The strong leadership team has high expectations of staff. Leaders monitor and motivate staff well to deliver an effective play and learning programme. This meets all groups of children's developmental needs.

Leaders have accurate self-assessment and a well-focused development plan.Children benefit from a clear curriculum designed to ignite their interest and develop positive behaviours and attitudes to learning. For example, toddlers dressed in wetsuits have great fun as they touch and feel fake edible fish in bags of water.

They excitedly let them loose in a coloured lily pond. Using small nets, children pretend to go fishing and count how many fish they have caught.Good induction, training and coaching support by the leaders enables all staff, qualified and unqualified, to develop their knowledge and competencies.

Staff talk of being well supported and listened to by the leadership team. There is a strong focus on staff's well-being and personal development, and on working with the government Kickstart programme.Staff in the baby room ensure that they follow good, flexible care routines to meet babies' individual needs.

For example, babies can sleep soundly in cosy wooden floor baskets while others play. They receive purposeful interaction with their key person, who they check in with regularly.
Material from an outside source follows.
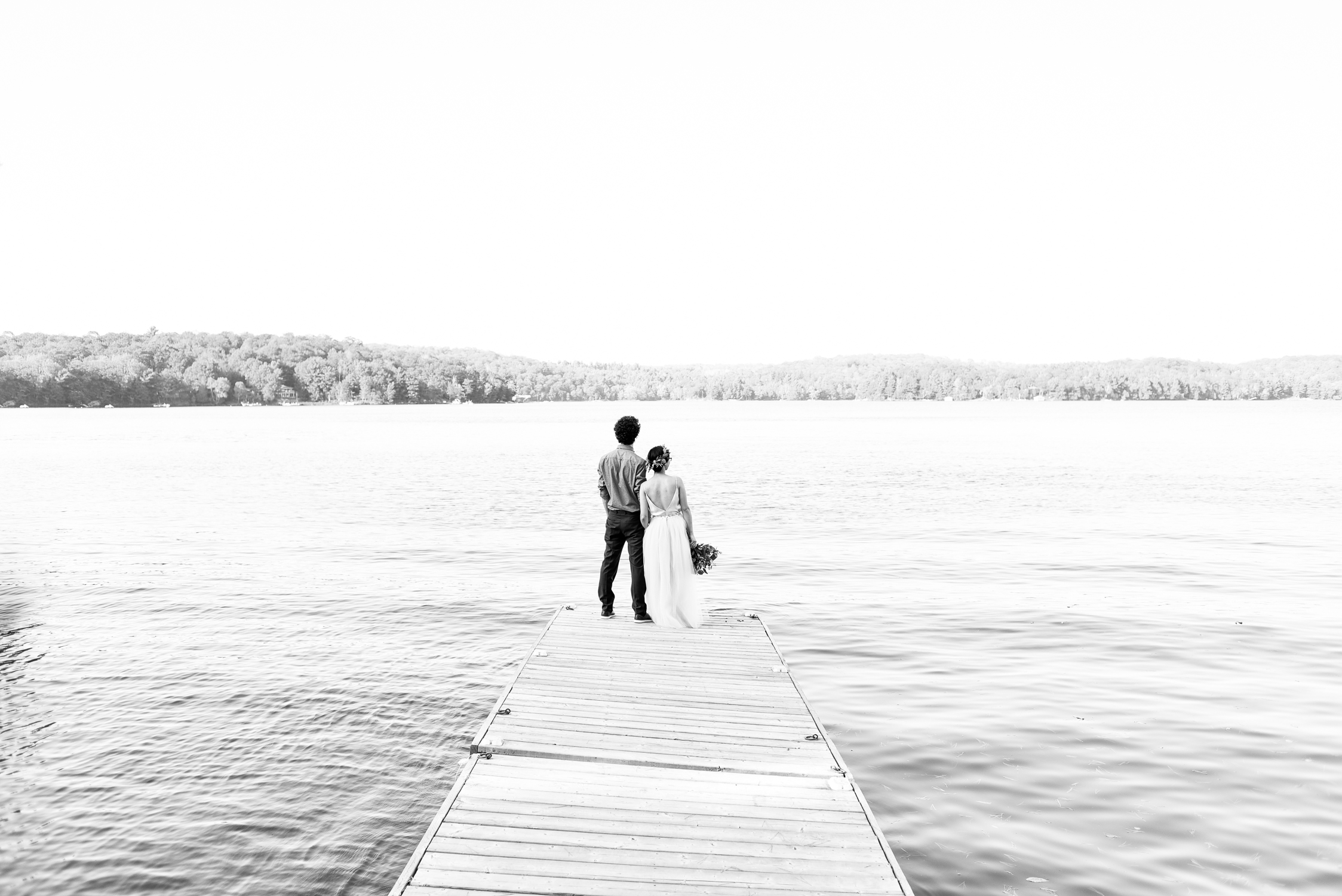 Black and white wedding photo of a couple on a dock on the lake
However, during some routine tasks such as nappy changing, the key-person system is not highly effective.

At this time, children do not consistently benefit from the attachments made with their key person.There is very good emphasis on promoting children's key skills in communication and language. Stories and songs are a big part of children's learning each day, throughout all age groups.

For example, babies enjoy choosing an object from a song bag, linked to a favourite song. Two-year-olds look for story pictures in shaving foam and discuss 'Goldilocks and the Three Bears'. Pre-school children make coloured porridge and talk about the porridge being 'just right' to eat.

Partnership with parents is good. Parents speak positively about the nursery and their good communication with staff. Leaders and staff ensure that they help parents to link children's learning to home.

For example, they provide parents with advice and guidance on potty training, including storybooks to help children understand how to control their bodies and when they need to use the toilet.Staff encourage children to develop good personal independence skills. For example, children put on their coats and hats for outdoor play.

However, staff recognise that there is less emphasis on opportunities for children to develop their self-help skills linked to personal hygiene, such as blowing their nose.The special educational needs coordinator uses her good knowledge and experience to identify children who need extra support. She links well with parents and other agencies and develops a sensory room to ensure each child can reach their potential.

Staff who care for children with special educational needs and/or disabilities are given good guidance. They use specific teaching strategies, such as picture communication cards, to aid children's progress. Additional funding is used well to support children's progress.


The arrangements for safeguarding are effective.Leaders ensure that there is strong emphasis on safeguarding children throughout the nursery. All staff receive regular training in child protection and discuss different scenarios at staff meetings.

They are confident at recognising and reporting any signs that may indicate that a child is at risk of harm. This includes a wide range of safeguarding issues, such as female genital mutilation and radicalisation. Staff know they must follow the correct reporting procedures when concerns are raised.

These include notifying the local authority designated officer and Ofsted when suitability and safeguarding concerns are noted about staff. The provider follows safer recruitment procedures well when appointing new staff.

What does the setting need to do to improve?

To further improve the quality of the early years provision, the provider should: develop staff's understanding of their key-person role further, particularly with regards to carrying out babies' personal care strengthen opportunities for older children to take care of their personal hygiene needs.